Back to Jay: Reviewing 2011 Release, “Mine Mine”
So Jay Chou decided to get in some super savvy points, releasing his 11th album on the 11th of this month (while neighbors in fellow East Asian countries were likely having a ball with Pocky/Peppero Day’s of epic proportions!). Here’s one of the tracks, Mine Mine:
Regarding music, Jay’s one of my old favorites since I got into him in high school; I always tend to like his songs. He’s a proficient pianist and composer, completing all the writing and arrangement of his music, and when he writes lyrics I often find them interesting and touching even in their relative simplicity (Jay’s longtime co-writer, lyricist Vincent Fang, is widely known for his crafted, poetic lyrics). With that control over his music, all of his songs seem to bear a stamp of his style, and I can usually identify a new song as his just from listening.
Maybe that’s why though I like his work, nothing from him has excited me very much since his fourth album. It’s not that I feel he needs to change or reinvent himself – it’s more that I feel like he’s gotten complacent being Mandopop’s reigning king for so long. In my opinion, that lack of being challenged and pushing himself reflects in the music. So, this new song still doesn’t make me super excited, but it’s okay. It would be pleasant enough if he hadn’t stuck in those mine mine’s and bye bye’s in.
However, after a year in Korea, there are some very refreshing aspects of this music video and song. First, I adore the fact that artists have a little longevity in the Mando-pop scene. Granted Jay’s at the top, so he has a little more leeway, but he’s been on top pretty much since his foray into Chinese pop music in 2000. So he’s able to try out dancing and autotuned music, not necessarily elements I’m relishing in and definitely a different turn from the way he started, taking part in the current trends like it’s any old thing. Second, I love the incorporation of Taiwanese. It appears in the second chorus around 2:30, and is, as one of my good friends put it, a “nice touch.” Those who aren’t familiar with a Chinese language might not pick up on it (and it’s hard enough with Jay’s notorious style of mumbling-singing), but it really exhibits a bit of local pride in showcasing a piece of local culture.
Other than that, I know it’s a little goofy.
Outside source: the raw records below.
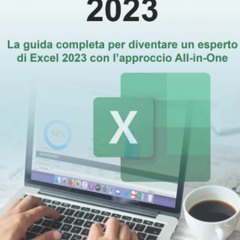 READ ⚡ DOWNLOAD Excel 2023 La guida completa per diventare un esperto di Excel 2023 con l'appro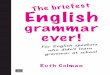 For English speakers ’t learn grammar at schoolwebéducation.com/wp-content/uploads/2019/03/Ruth-Colman-The-Briefest... · Nouns 8 Pronouns 10 Verbs 13 Adjectives 24 Adverbs 26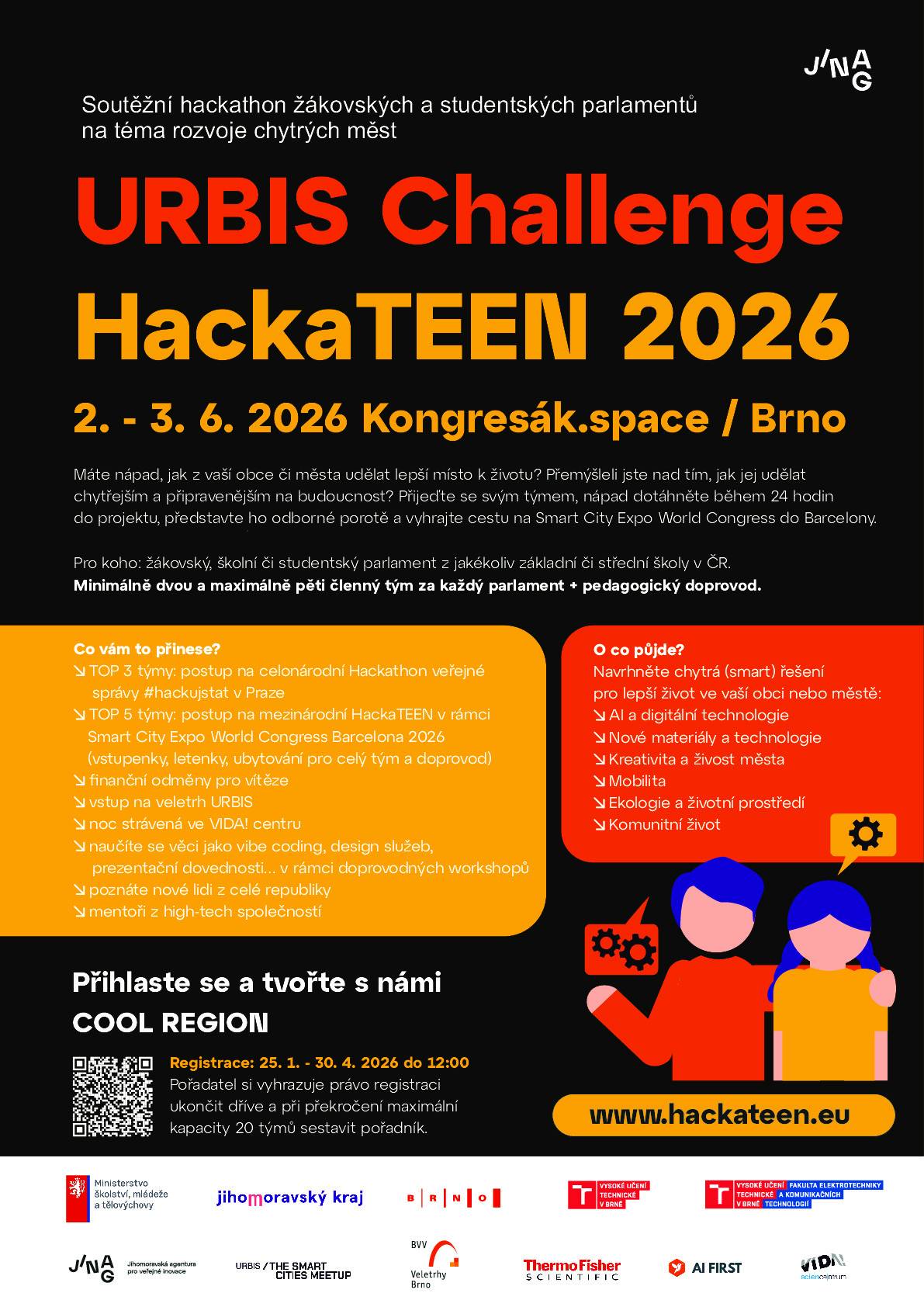 Soutěžní hackathon žákovských a studentských parlamentů na téma rozvoje chytrých měst URBIS Challenge HackaTeen 2026 se koná 2. - 3.6.2026 Kongresák.space/Brno. Info na letáčku.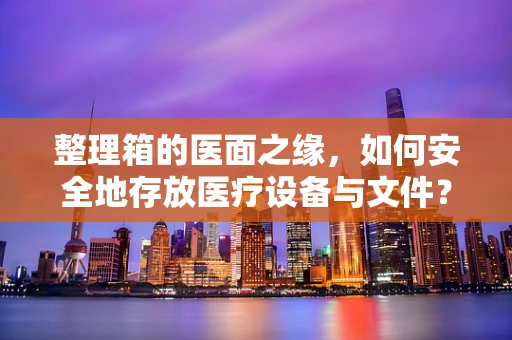整理箱的医面之缘，如何安全地存放医疗设备与文件？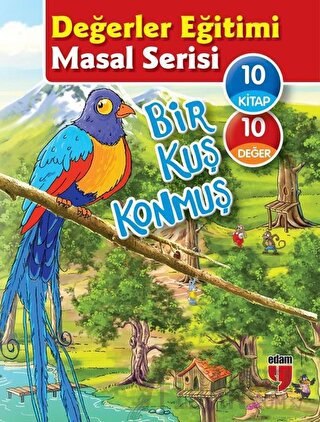 Bir Kuş Konmuş - Değerler Eğitimi Masal Serisi (10 Kitap Set) Neriman 
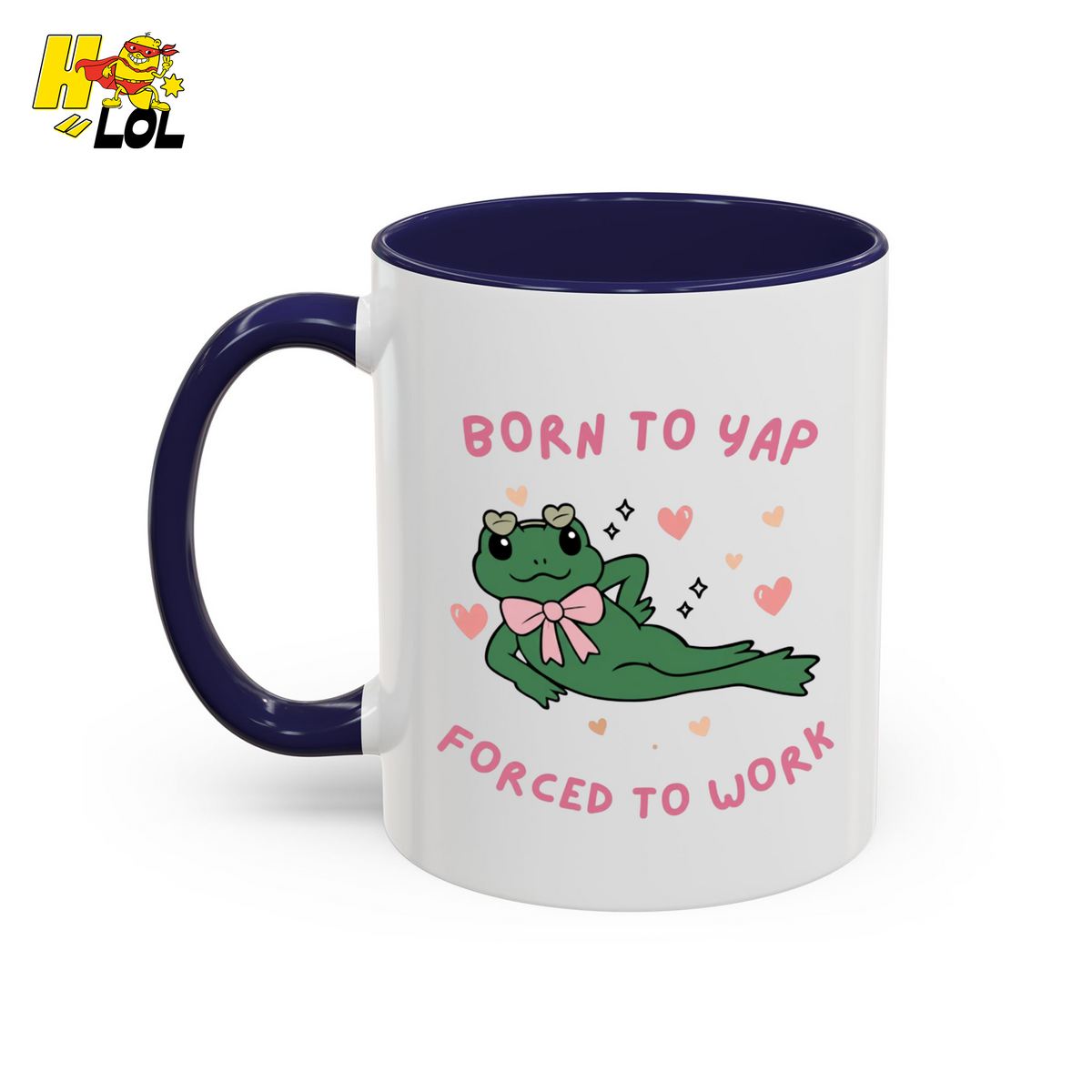 Born to Yap Force To Work Frog Mug Gift for Office Life - HQLOL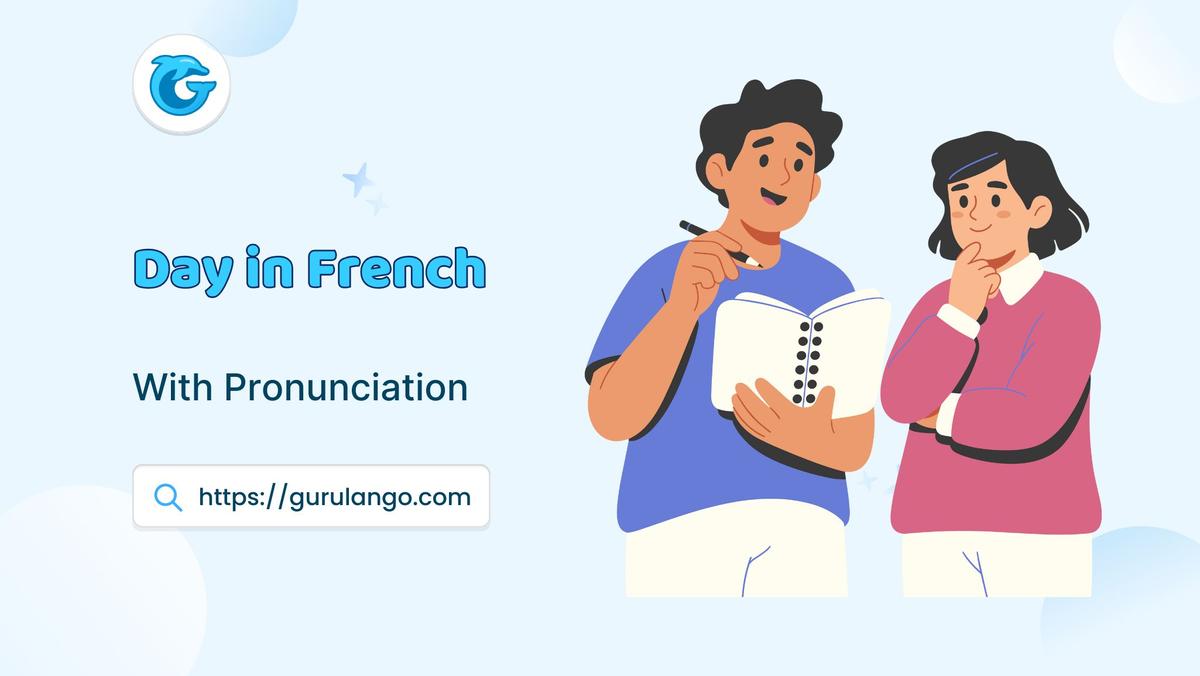 7 Ways To Say Day In French With Pronunciation 7-ways-to-say-day-in-french-with-pronunciation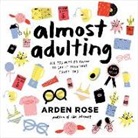 Arden Rose - Almost Adulting: All You Need to Know to Get It Together (Sort Of) (Audiolibro)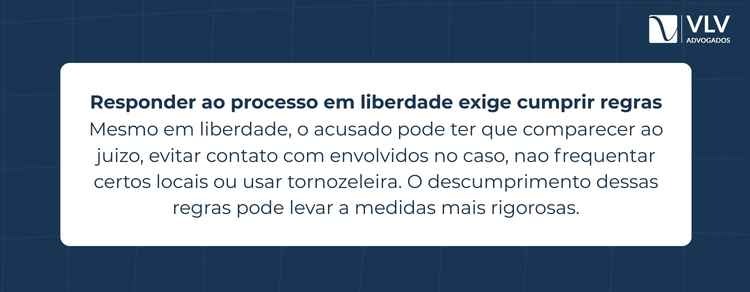 Como responder a um processo em liberdade? 2 Deve cumprir regras do juiz, comparecer e não cometer novos crimes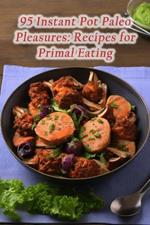 95 Instant Pot Paleo Pleasures: Recipes for Primal Eating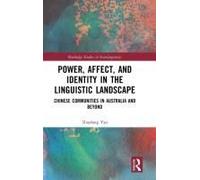 Power, Affect, And Identity In The Linguistic Landscape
He’s not the sharpest dancer, there’s too much going on (why bust out the umbrellas??), and I’ll never understand the preoccupation with animal print. And I feel like Taiwanese production value will always be a little behind Korean. You can see it as well as feel it. Korean pop culture hits harder, they’re smoother and incorporate more of the dramatic touches. Taiwanese music tends to be softer and more relaxed. But I can appreciate the dorkiness, and it’s kind of endearing. Like it hasn’t quite yet reached the Korean levels of the necessity to be “cool” and the obssession with outer appearances.
Don’t get me wrong – I enjoy pop music, love me some solid pop songs, and have taken part in my share of spazzing over music in both the Korean and the Taiwanese market. It’s just that the year I was in Seoul, the materialism and facade obsession really got to me. But the Taiwanese/Chinese market is by no means perfect either. As I said before, Jay seems to have gotten kind of lazy, and that means he hasn’t had to face much in terms of challengers; it could even be argued that he, as well as many other Mandopop artists, are actually imitating Korean pop styles. I would love to see more talented artists stepping up to the plate and giving him a run for his money.